CAIRO: Residents of Zerzara, a slum in Port Said, were caught off guard as bulldozers began to destroy 15 houses in the neighborhood on May 4.
Without prior notice, the governor of Port Said ordered the eviction of the informal settlements infringing the widening of a road that should provide better access to modern buildings surrounding the area.
“So far 15 houses have been destroyed, but we estimate that another 200 houses are at risk,” Manal El-Tibe, director of the Egyptian Center for Housing Rights (ECHR), told Daily News Egypt.
According to the ECHR, police forces escorting the bulldozers were violent towards protesting residents. “We were also prevented from taking photos,” El-Tibe adds.

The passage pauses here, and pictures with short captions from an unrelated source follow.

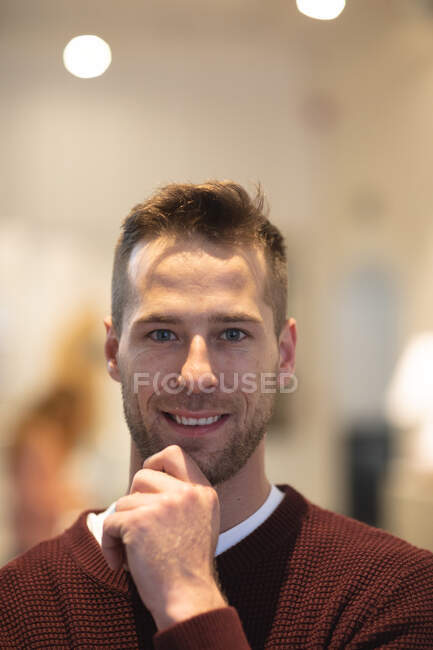 Portrait of happy Caucasian male business creative working in a casual modern office, smiling and looking at camera, touching his chin — Stock Photo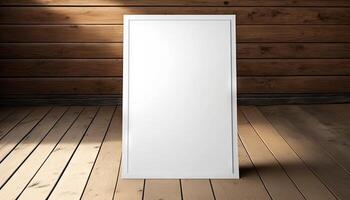 Blank white paper poster on plank wooden floor and wall. photo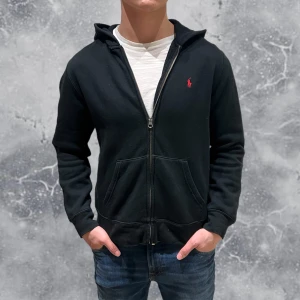 Ralph Lauren Full Zip Hoodie Svart - •Ralph Lauren Full-Zip Hoodie Svart. Skick: 8/10, Inga skador! Storlek: 14/16 år = XS~. Modell: 173 cm, 65 kg. Sitter något litet på modellen på bild! Authentic: ✅, QR Kod finns även i plagget! Hör av dig vid frågor eller funderingar, mvh Hessler’s;)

The families already evicted were offered LE 500 in compensation for the loss of their homes and allowed to rebuild their homes away from the road, according to a report by Amnesty International.
"Even if the authorities are genuinely building a road for the benefit of the community, nothing can justify the fact that families were thrown out of their houses without being given anywhere to go," Hassiba Hadj Sahraoui, deputy director of the Middle East and North Africa Program at Amnesty International, said.
Last week, Amnesty International called on the Egyptian authorities to halt the forced eviction of 200 families in Port Said.
“It is the second time these people have been evicted from their houses,” El Tibe explained. Most of the Zerzara residents have constructed their houses in 2000 after they were evicted from rundown housing in Al-Salam and Nasser areas, two other slums in Port Said, without being offered alternative housing.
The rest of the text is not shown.